L'appel se termine comme précédemment.
Temps prévu pour ces différentes étapes.
Chaque type de consigne est à donner plusieurs fois jusqu'à la réussite globale de la classe, mais il est
évident que l'appel ne doit pas donner systématiquement lieu à ce type d'activités.
Dans l'étape 4, il est nécessaire que le maître fasse varier le repère fixe qu'il représente
ou qu'il en introduise d'autres après discussion avec la classe.
Le moment consacré à l'appel peut être l'occasion :
Travail sur la comptine
Il s'agit dans un premier temps d'un apprentissage systématique du nom des nombres et du comptage, essentiellement par imprégnation.
Pour dénombrer les présents
- Les enfants disent avec le maître la suite des nombres et concluent : "Aujourd'hui nous sommes 24".
Objectifs
Faire mémoriser le nombre d'élèves de la classe (ce nombre sera une collection de référence).
Faire mémoriser la comptine dans l'ordre croissant.
Aborder le surcomptage et le compte à rebours.
Faire acquérir des principes du comptage.
Etude locale du nombre 25.
- Un enfant fait comme le maître : il touche effectivement un enfant à chaque nom de nombre et ne s'oublie pas lui même ; même conclusion sur le nombre de présents.
- Le maître "oublie" de toucher la tête d'un enfant et/ou de réciter un mot de la comptine : il observe alors la réaction des enfants.
- Le maître touche silencieusement un à un les enfants en invitant les élèves à compter avec lui dans leur tête, puis demande à plusieurs moments de dire le nombre auquel ils sont arrivés. Conclusion analogue sur le nombre de présents.
Pour réinvestir ce travail en situation fonctionnelle, le maître peut, par exemple, demander aux élèves, lors du goûter, combien il doit préparer de biscuits pour que chaque enfant en ait un.
Pour introduire le surcomptage
Le maître pose des questions du type suivant : "Tous les élèves sont là, combien êtes vous ? et avec moi, combien sommes-nous ? et avec Madame X (la dame de service) combien sommes-nous ? ...".
Pour introduire le compte à rebours
Le maître pose un autre type de question :
"Il y a 25 élèves inscrits dans la classe, Jeanne et Ali ne sont pas là aujourd'hui, combien y a-t-il
de présents ? ".
Remarque
Ces deux aspects - surcomptage et compte à rebours - ont comme objectif de faire percevoir le nombre 25 dans une file, avec des nombres qui le suivent et des nombres qui le précèdent (aspect local de la comptine), et de donner du sens à des situations relevant du champ conceptuel de l'addition (situations additives ou soustractives).
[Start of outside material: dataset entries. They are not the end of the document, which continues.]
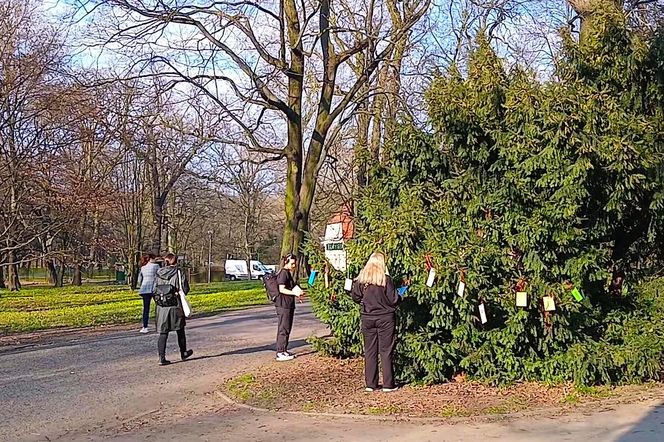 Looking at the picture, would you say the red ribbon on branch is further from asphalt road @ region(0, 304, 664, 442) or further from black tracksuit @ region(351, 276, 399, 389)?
asphalt road @ region(0, 304, 664, 442)

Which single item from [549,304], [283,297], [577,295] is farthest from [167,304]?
[577,295]

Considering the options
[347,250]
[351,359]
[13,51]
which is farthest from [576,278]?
[13,51]

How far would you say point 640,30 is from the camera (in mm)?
12000

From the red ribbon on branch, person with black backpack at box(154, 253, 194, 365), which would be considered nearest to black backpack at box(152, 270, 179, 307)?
person with black backpack at box(154, 253, 194, 365)

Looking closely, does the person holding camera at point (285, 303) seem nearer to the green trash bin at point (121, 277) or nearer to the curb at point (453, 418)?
the curb at point (453, 418)

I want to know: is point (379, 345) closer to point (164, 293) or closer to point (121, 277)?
point (164, 293)

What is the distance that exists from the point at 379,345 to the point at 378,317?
366 millimetres

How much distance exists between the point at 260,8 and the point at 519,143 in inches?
369

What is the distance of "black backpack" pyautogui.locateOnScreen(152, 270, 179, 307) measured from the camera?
1291 centimetres

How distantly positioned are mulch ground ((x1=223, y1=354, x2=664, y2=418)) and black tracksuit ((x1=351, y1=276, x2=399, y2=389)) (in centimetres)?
30

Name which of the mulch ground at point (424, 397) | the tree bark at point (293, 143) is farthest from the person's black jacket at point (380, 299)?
the tree bark at point (293, 143)

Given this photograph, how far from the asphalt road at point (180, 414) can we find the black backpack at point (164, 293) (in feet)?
3.45

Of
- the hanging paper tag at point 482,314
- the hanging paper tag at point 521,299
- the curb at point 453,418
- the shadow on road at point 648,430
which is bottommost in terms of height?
the shadow on road at point 648,430

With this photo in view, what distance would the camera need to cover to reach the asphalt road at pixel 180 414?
7.95 m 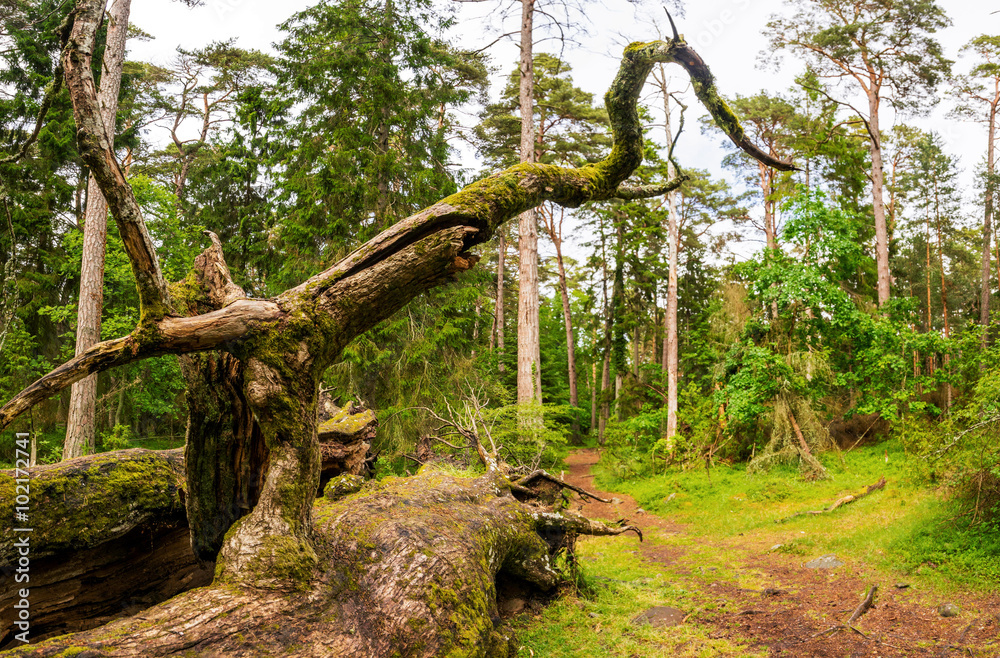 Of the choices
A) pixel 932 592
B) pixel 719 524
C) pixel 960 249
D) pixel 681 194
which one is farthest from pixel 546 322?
pixel 932 592

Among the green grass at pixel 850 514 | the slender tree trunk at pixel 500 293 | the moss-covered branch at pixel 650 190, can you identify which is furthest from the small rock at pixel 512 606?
the slender tree trunk at pixel 500 293

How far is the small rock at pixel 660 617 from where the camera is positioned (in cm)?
537

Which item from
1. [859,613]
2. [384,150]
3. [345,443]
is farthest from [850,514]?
[384,150]

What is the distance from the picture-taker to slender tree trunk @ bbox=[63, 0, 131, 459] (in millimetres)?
10516

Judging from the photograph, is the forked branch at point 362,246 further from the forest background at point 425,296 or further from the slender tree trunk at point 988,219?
the slender tree trunk at point 988,219

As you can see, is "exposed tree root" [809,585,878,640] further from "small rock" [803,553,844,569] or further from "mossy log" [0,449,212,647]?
"mossy log" [0,449,212,647]

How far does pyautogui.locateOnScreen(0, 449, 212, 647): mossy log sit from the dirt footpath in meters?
4.92

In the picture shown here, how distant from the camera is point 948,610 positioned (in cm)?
532

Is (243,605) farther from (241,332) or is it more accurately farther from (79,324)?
(79,324)

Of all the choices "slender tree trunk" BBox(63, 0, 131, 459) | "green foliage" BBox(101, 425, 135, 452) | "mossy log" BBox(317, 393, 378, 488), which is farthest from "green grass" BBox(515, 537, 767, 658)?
"green foliage" BBox(101, 425, 135, 452)

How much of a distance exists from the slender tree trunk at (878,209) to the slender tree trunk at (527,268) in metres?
10.3

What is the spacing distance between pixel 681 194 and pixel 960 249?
13.9 m

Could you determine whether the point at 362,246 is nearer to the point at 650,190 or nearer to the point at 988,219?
the point at 650,190

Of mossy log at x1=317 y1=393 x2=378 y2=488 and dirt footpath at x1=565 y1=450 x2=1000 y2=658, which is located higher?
mossy log at x1=317 y1=393 x2=378 y2=488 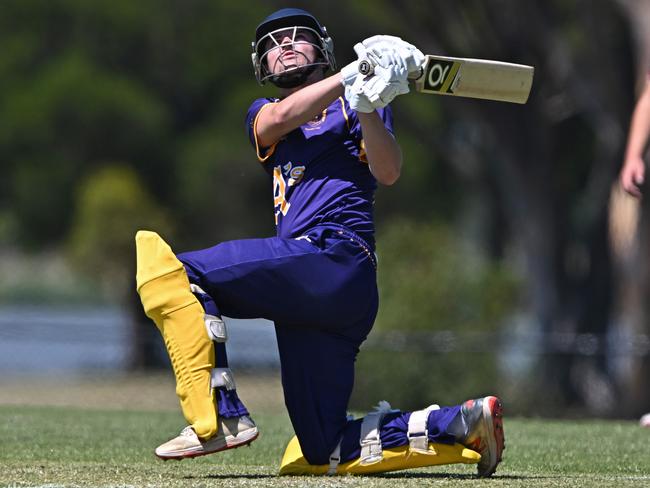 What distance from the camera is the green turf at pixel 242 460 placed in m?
4.91

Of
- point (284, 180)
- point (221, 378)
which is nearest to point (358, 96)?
point (284, 180)

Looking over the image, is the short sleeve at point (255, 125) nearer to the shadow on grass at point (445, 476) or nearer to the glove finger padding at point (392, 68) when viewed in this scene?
the glove finger padding at point (392, 68)

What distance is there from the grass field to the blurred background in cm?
662

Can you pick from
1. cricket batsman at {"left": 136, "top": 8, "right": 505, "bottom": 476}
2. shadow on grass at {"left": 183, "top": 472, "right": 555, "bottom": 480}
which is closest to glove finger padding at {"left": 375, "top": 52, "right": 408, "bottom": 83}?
cricket batsman at {"left": 136, "top": 8, "right": 505, "bottom": 476}

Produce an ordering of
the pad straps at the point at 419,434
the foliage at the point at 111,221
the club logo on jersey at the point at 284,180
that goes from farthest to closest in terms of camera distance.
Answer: the foliage at the point at 111,221 < the club logo on jersey at the point at 284,180 < the pad straps at the point at 419,434

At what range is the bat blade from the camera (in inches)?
→ 197

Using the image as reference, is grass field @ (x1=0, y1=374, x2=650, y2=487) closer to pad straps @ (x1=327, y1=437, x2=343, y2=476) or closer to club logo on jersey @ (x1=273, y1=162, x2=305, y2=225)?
pad straps @ (x1=327, y1=437, x2=343, y2=476)

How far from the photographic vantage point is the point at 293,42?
5.39 metres

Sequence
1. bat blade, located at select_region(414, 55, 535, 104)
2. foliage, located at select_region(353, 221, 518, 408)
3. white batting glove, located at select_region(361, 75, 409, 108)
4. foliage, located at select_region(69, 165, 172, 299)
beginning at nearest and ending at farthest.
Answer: white batting glove, located at select_region(361, 75, 409, 108)
bat blade, located at select_region(414, 55, 535, 104)
foliage, located at select_region(353, 221, 518, 408)
foliage, located at select_region(69, 165, 172, 299)

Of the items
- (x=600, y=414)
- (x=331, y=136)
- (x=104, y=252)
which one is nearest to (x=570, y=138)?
(x=600, y=414)

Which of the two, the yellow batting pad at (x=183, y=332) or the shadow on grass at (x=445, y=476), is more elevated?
the yellow batting pad at (x=183, y=332)

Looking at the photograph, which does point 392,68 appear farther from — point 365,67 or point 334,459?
point 334,459

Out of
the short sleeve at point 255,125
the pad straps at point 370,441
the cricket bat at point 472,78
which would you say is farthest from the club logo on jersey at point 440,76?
the pad straps at point 370,441

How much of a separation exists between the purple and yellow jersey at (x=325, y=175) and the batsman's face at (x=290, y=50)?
180 millimetres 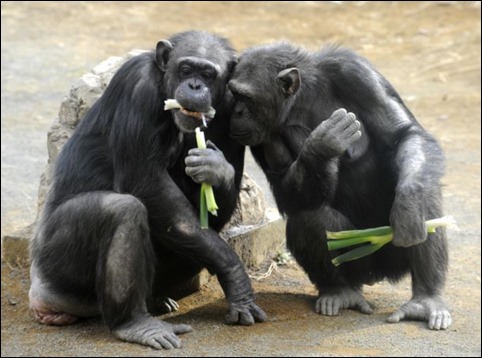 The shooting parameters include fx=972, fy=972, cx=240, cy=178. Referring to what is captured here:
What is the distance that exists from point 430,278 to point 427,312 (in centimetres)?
27

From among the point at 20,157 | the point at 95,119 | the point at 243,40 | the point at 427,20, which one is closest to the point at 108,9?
the point at 243,40

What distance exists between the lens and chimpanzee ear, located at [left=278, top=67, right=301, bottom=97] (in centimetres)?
716

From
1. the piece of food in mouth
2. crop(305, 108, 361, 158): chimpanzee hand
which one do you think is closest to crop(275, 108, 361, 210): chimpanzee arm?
crop(305, 108, 361, 158): chimpanzee hand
Travail sur les petits nombres
Lors des étapes décrites dans le premier paragraphe, avant de recenser tous les présents, le maître fait avec les élèves un point sur le nombre de présents par groupe de tables.
Objectifs
Construire des collections de référence (constellations).
Affiner la vision globale des premières quantités.
Procédures observées
Comptage du nombre de présents dans le groupe, soit par un enfant observateur, soit par un enfant du groupe.
Connaissance du nombre d'enfants du groupe : constat de type global : "d'habitude on est 5, aujourd'hui on est 3, il y a 2 absents" ou bien "d'habitude on est 5, Paul et Virginie sont malades, donc on est 3".
Remarques
Ces procédures globales sont plus faciles à utiliser par les enfants extérieurs au groupe concerné car souvent, dans le groupe, l'enfant ne se compte pas.
La disposition des tables a une forte incidence sur la perception globale.
Les enfants ont travaillé sur les notions topologiques et le dénombrement à partir d'activités corporelles pendant un certain nombre de séquences ; une deuxième phase consiste à réaliser les mêmes situations avec des objets les représentant pour développer leur faculté de décentration.
Matériel
Bouchons (représentant les enfants), disques de papier, épingles ou punaises, feutres, pailles, ficelles, grande feuille de papier.
Aspects géométriques
Les enfants sont assis sur des chaises en cercle, le maître parmi eux (hors de la classe).
Consigne
"Vous allez tous regarder avec attention et sans bruit ce que je vais faire ; dès que vous avez une idée
dans votre tête, vous la gardez comme un secret".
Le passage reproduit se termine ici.